--- Provided data Enclosed Below ---

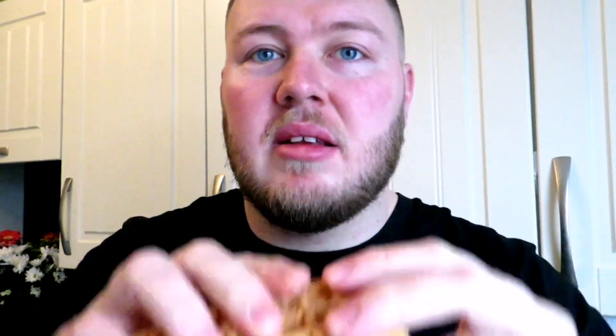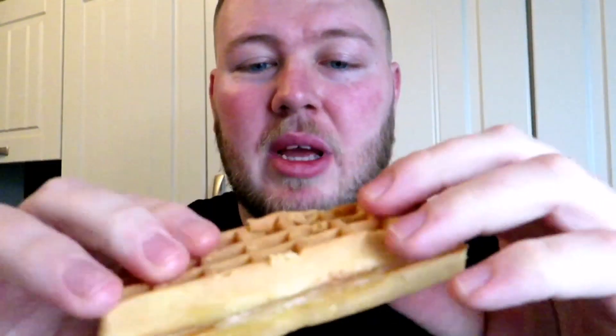Wow, so they're quite big. Smells like vanilla. It's like a waffle sandwich, and... is there anything in it? Nothing in it — it's just two bits of bread with vanilla. It's got like a wee vanilla paste in it, see right there.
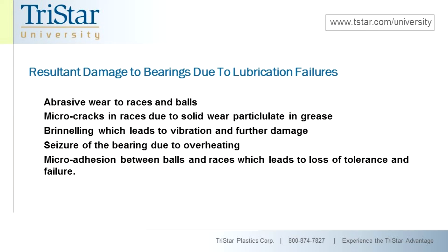Abrasive wear to the races and balls obviously comes from external hard debris. Micro-cracks in the races are also partly caused by solid wear particulate in the grease. Brinelling, again due to improper loading or improper application of the bearing, leads to vibration, which then leads to further damage, even to the point of damaging the steel. Seizure of the bearing due to overheating can come from too tight a press fit, basically squeezing all the components into a less than appropriate condition. Micro-adhesion between the balls and races ultimately leads to a loss of tolerance and failure.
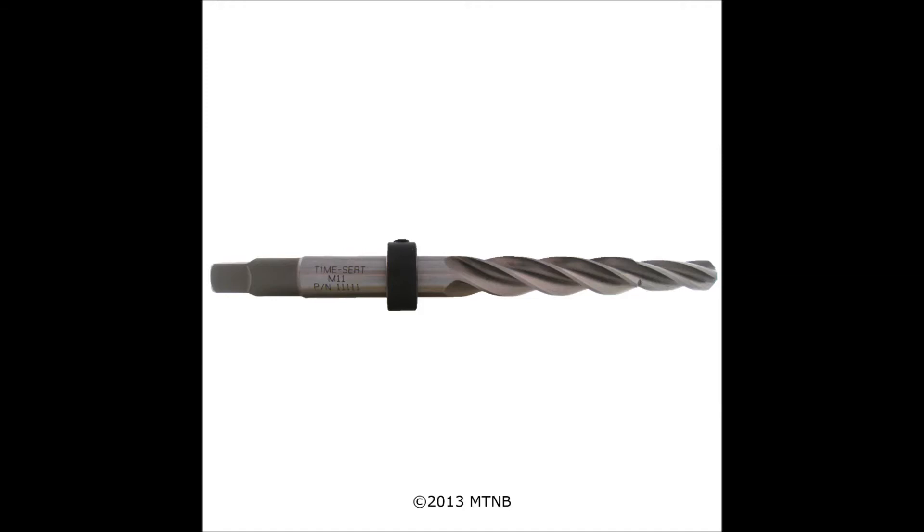The first part we are showing here is the reamer. The reamer comes with a collar that will guide you in drilling each hole. We will discuss this process in more detail in a future video.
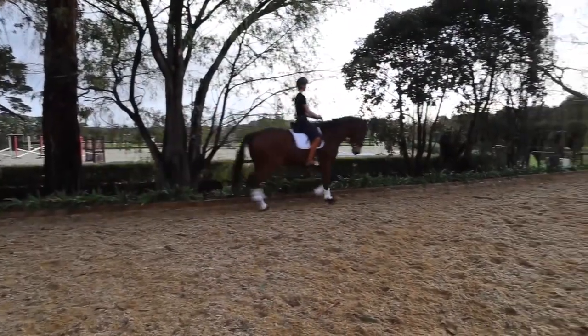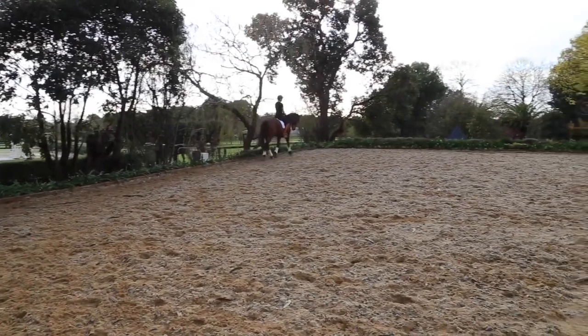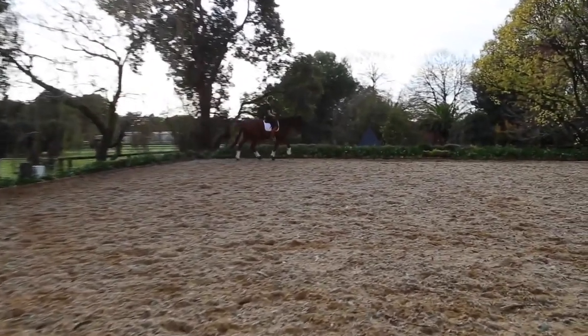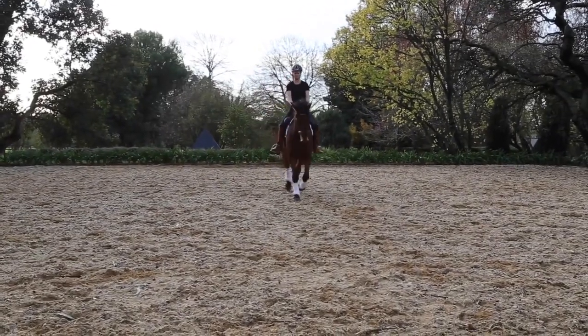Preparing for our centerline, Rikki's going to look where she's going and start her corner. One, two, three, one, one, two, and three — and she's right on it.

--- End of Enclosed Provided data ---

Pictures in the data above should not be copied; transcribe everything else exactly.

Wow, so they're quite big. Smells like vanilla. It's like a waffle sandwich, and... is there anything in it? Nothing in it — it's just two bits of bread with vanilla. It's got like a wee vanilla paste in it, see right there.
Abrasive wear to the races and balls obviously comes from external hard debris. Micro-cracks in the races are also partly caused by solid wear particulate in the grease. Brinelling, again due to improper loading or improper application of the bearing, leads to vibration, which then leads to further damage, even to the point of damaging the steel. Seizure of the bearing due to overheating can come from too tight a press fit, basically squeezing all the components into a less than appropriate condition. Micro-adhesion between the balls and races ultimately leads to a loss of tolerance and failure.
The first part we are showing here is the reamer. The reamer comes with a collar that will guide you in drilling each hole. We will discuss this process in more detail in a future video.
Preparing for our centerline, Rikki's going to look where she's going and start her corner. One, two, three, one, one, two, and three — and she's right on it.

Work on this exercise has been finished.